A personagem principal é uma recepcionista recém-contratada chamada Ludmila Sediva. Ela é fã de literatura de suspense, especialmente Stephen King. Durante todo o livro, Ludmila está relendo The Shining (assim mesmo, em inglês -- mesmo porque a versão tcheca, Osvícení, só foi lançada em 1993) e se embrenhando no clima de terror da história que lê. Ao mesmo tempo, exerce sua função de recepcionista de um hotel com pelo menos 20 pessoas hospedadas e mais, pelo menos, outros vinte funcionários. Isso sem contar os cinco estranhos do título (sim, é isto que o título significa). Ela os vê, sempre interagindo com algum ou alguns dos outros moradores ou funcionários do Plaza, geralmente fazendo, ao final da interação, algo estranho, como pondo a mão na cabeça de alguém que vai ficar, horas depois, com enxaqueca, ou ainda dando um beijo numa garota que, em seguida, vai ter um ataque de asma.

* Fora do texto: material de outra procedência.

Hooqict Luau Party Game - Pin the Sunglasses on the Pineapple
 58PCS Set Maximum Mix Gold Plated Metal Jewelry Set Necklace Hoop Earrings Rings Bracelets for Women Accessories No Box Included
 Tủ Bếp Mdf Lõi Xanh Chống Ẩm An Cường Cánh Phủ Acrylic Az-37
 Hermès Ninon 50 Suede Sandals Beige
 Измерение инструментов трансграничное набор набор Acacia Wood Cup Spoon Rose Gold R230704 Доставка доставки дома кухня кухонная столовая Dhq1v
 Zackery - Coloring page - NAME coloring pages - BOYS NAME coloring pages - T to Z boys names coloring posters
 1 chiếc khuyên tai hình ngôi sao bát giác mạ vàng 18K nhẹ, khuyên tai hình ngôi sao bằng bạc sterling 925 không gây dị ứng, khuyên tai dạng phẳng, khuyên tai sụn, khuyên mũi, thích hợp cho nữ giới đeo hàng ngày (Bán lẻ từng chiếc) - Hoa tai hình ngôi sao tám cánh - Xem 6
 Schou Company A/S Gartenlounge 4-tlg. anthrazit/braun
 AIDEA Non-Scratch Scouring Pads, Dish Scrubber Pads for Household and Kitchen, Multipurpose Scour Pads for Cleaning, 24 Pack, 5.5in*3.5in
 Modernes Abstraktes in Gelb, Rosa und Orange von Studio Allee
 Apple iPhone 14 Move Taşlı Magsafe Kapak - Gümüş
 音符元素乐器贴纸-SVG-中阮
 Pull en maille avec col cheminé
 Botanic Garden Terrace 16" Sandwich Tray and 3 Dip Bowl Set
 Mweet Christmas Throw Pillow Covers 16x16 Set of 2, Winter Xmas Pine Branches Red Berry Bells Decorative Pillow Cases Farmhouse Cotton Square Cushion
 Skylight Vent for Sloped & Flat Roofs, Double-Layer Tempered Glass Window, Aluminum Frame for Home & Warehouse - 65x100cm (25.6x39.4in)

A paranóia de Ludmila começa quando seu namorado, Jan, é trespassado por um destes estranhos, para, em seguida, falecer subitamente no lobby do hotel. Ela começa a imaginar que o livro que está lendo pode ajudá-la, de algum modo, a resolver esta situação e dar um jeito nos atos dos cinco estranhos. Sua luta é solitária, apesar da boa vontade de Zdenek, que é apaixonado por ela desde a escola, mas nunca teve seu amor correspondido. O homem, apesar de não enxergar o que Ludmila vê, faz um esforço tremendo para acreditar na veracidade do que ela diz, numa prova de amor gigantesca para ele. Mas Zdenek tenta se enganar: no fundo, ele também crê que Ludmila ficou louca e que, na verdade, de algum modo, é ela quem tem matado as pessoas sem deixar pistas -- a esta altura do romance, três pessoas já tinham morrido em circunsâncias estranhas.
As mortes vão se acelerando e, aos poucos, todos morrem. Uma coisa que parece estranha é que o livro, narrado totalmente em tempo psicológico, parece fraco, numa primeira impressão e até exatamente este ponto, em não explicar porque é que o hotel não foi simplesmente fechado ou por que motivo os outros hóspedes não saíram correndo de lá. Mas, como eu disse no começo, o Plaza não existe na Beroun real para todos, mas, sim, apenas para algumas pessoas. Estas pessoas são os sobreviventes de um acidente entre dois ônibus, um fretado e outro da empresa Plaza (no qual Ludmila havia acabado de embarcar).
Entenderam? Estas pessoas estavam conectadas numa espécie de inconsciente coletivo em microescala, criando a persona do hotel para que pudessem, em suas mentes desconectadas, agir. Uma espécie de ambiente de cura. Os cinco estranhos nada mais são do que a equipe médica designada para salvar a vida dos 43 passageiros. Porém, por algum motivo, Ludmila foi menos suscetível a esta sugestão do que os outros, de modo que sua percepção estava completamente sensível aos médicos, que, ainda assim, não conseguiam de jeito nenhum reaminar a jovem.
O climax do livro acontece próximo ao final, quando a pobre heroína crê que a destruição dos cinco é a saída. Imaginando serem eles espíritos ligados ao hotel, arquiteta um plano para destruir a construção e se libertar. Os cinco tentam, de todas as formas, impedir que ela execute tal ação. No mundo real, isso equivale dizer que os médicos estavam perdendo a batalha para salvar a jovem.
Ao final, ela destrói o hotel e consegue, enfim, eliminar de sua vista os estranhos. Porém, está sem hotel e sem dinheiro (visto que ainda não tinham lhe pago o salário). Largada à sorte em pleno inverno, sem ninguém que a pudesse acolher, Ludmila caminha em direção às montanhas, para um caminho branco sem fim e a sua verdadeira morte. Ou sorte.
Sem muitas palavras: ou o amigo que me traduziu era muito bom ou Miguela, se tivesse tido mais tempo, teria se tornado uma das grandes escritoras tchecas da atualidade. Em minha nada modesta opinião.